The cyber criminals only stole about 1.2GB of data in the ransomware attack - a tiny amount, in modern data terms. It included employee information, business and procurement data, and details of some projects.

SEPA is working with the National Cyber Security Centre (NCSC), Scottish government and Police Scotland to mitigate the attack and identify the hackers. It also says it is taking professional advice from cyber security experts for the recovery of its affected systems.

While SEPA did not discuss what form of ransomware it has been hit with, the operators behind Conti ransomware have reportedly published data they claim belongs to SEPA.

Stealing confidential data from victims has become increasingly common for ransomware gangs.

In June last year, the actors behind the REvil ransomware launched an auction site, 'The Happy Blog', to sell data stolen from companies it had compromised.

The group posted samples of data belonging to Canadian firm Agromart Group, and claimed that scanned copies of Agromart's financial accounts, agreement forms and credit application, personal net worth documents and users' age records were among the data available for auction.
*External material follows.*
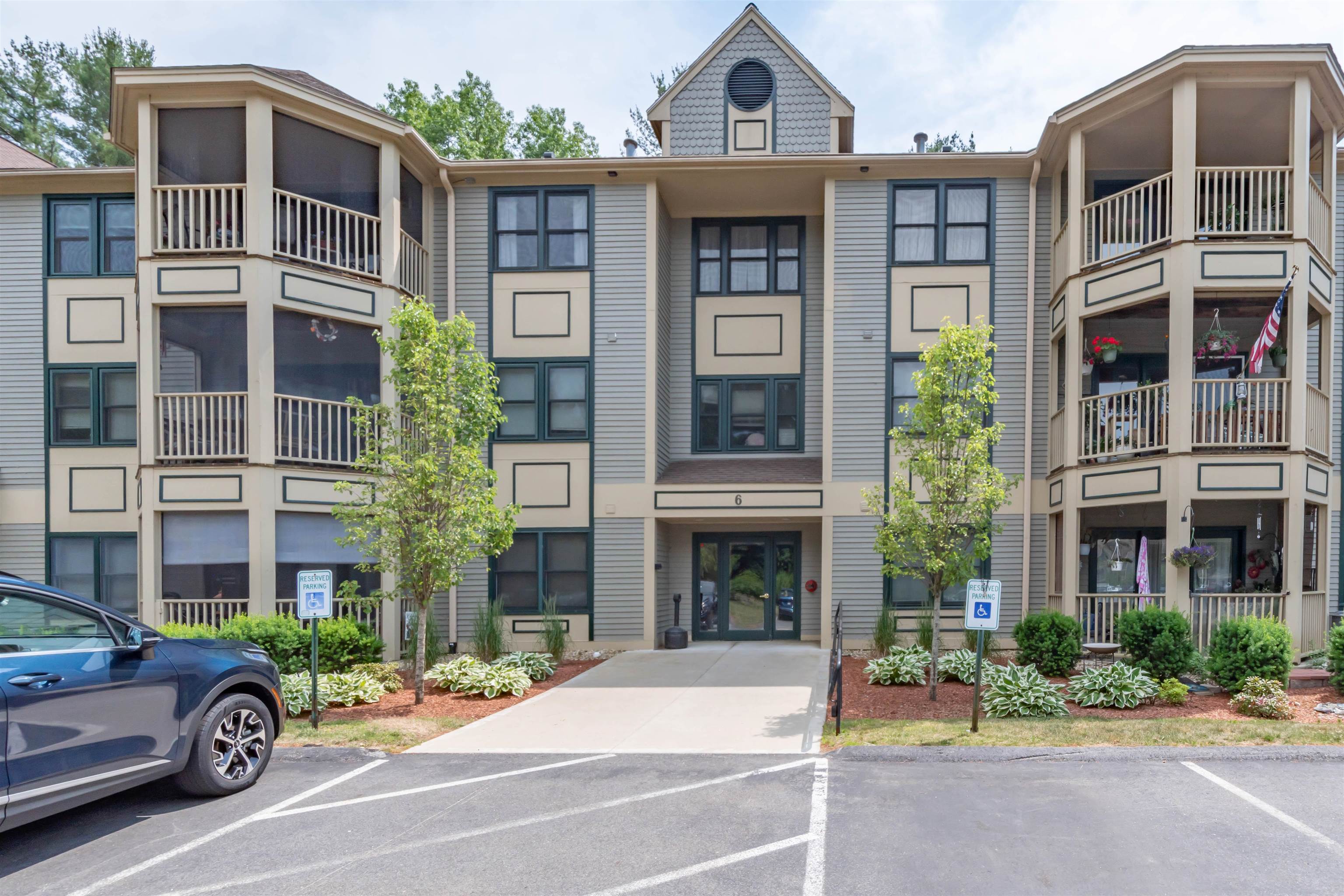 MLS 5001505: 6 Mayfair Lane-Unit 105, Nashua NH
In March 2020, three ransomware groups - Nefilim, the CLOP and the Sekhmet - also established websites to publish the sensitive data of non-payers.

Earlier this month, the operators of the Pysa (or Mespinoza) ransomware published what they claimed to be documents stolen from the Hackney Borough Council on a dark web forum.

The hackers said they were behind the October cyber attack on the Council, which disrupted its online services and left many of the systems inoperable four months ago.